[Start of section]

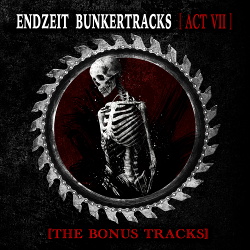 VA - Endzeit Bunkertracks [Act VII] - The Bonus Tracks (2015)
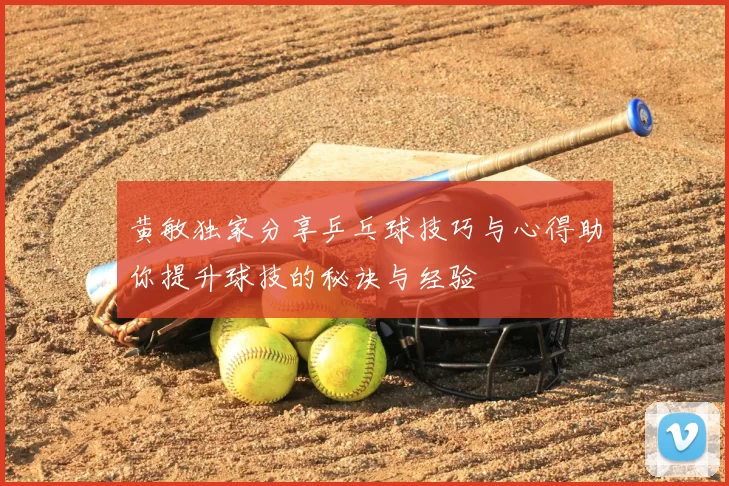 黄敏独家分享乒乓球技巧与心得助你提升球技的秘诀与经验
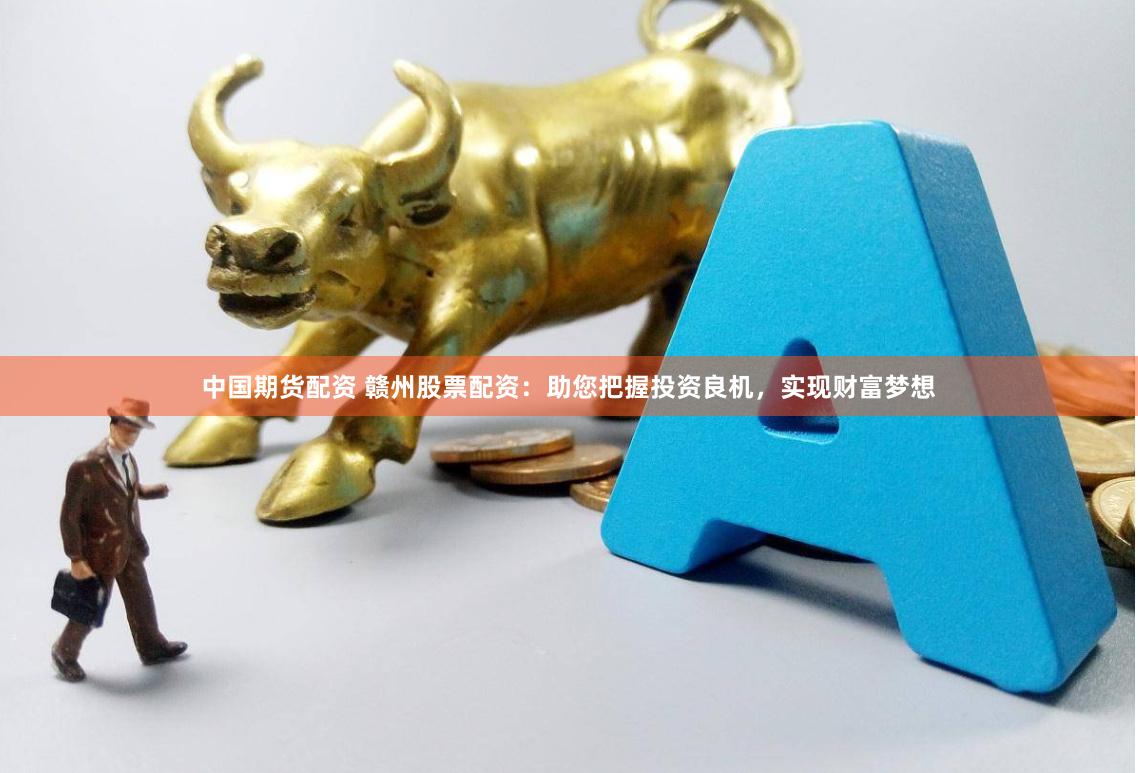 中国期货配资 赣州股票配资：助您把握投资良机，实现财富梦想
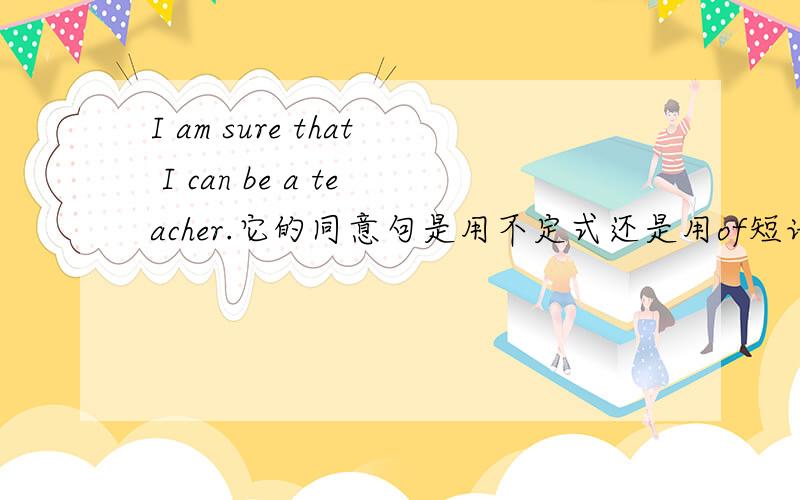 I am sure that I can be a teacher.它的同意句是用不定式还是用of短语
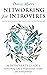 Networking for Introverts: Assert Your Quietly Powerful Advantage to Build Connections and to Never Small Talk Again. An Introvert's Guide to Networking Like a Professional Leader and Entrepreneur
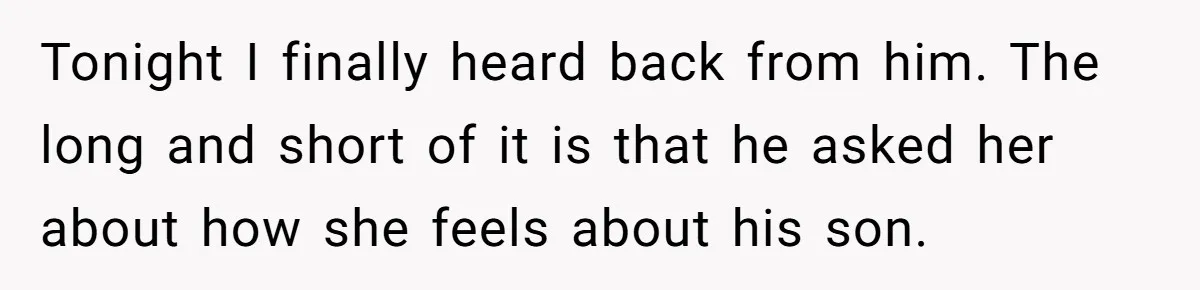 Tonight I finally heard back from him. The long and short of it is that he asked her about how she feels about his son.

[End of section]

Write the data above out again exactly, every line of it, and exclude the pictures.

 VA - Endzeit Bunkertracks [Act VII] - The Bonus Tracks (2015)
 黄敏独家分享乒乓球技巧与心得助你提升球技的秘诀与经验
 中国期货配资 赣州股票配资：助您把握投资良机，实现财富梦想
 I am sure that I can be a teacher.它的同意句是用不定式还是用of短语
 Networking for Introverts: Assert Your Quietly Powerful Advantage to Build Connections and to Never Small Talk Again. An Introvert's Guide to Networking Like a Professional Leader and Entrepreneur
 Tonight I finally heard back from him. The long and short of it is that he asked her about how she feels about his son.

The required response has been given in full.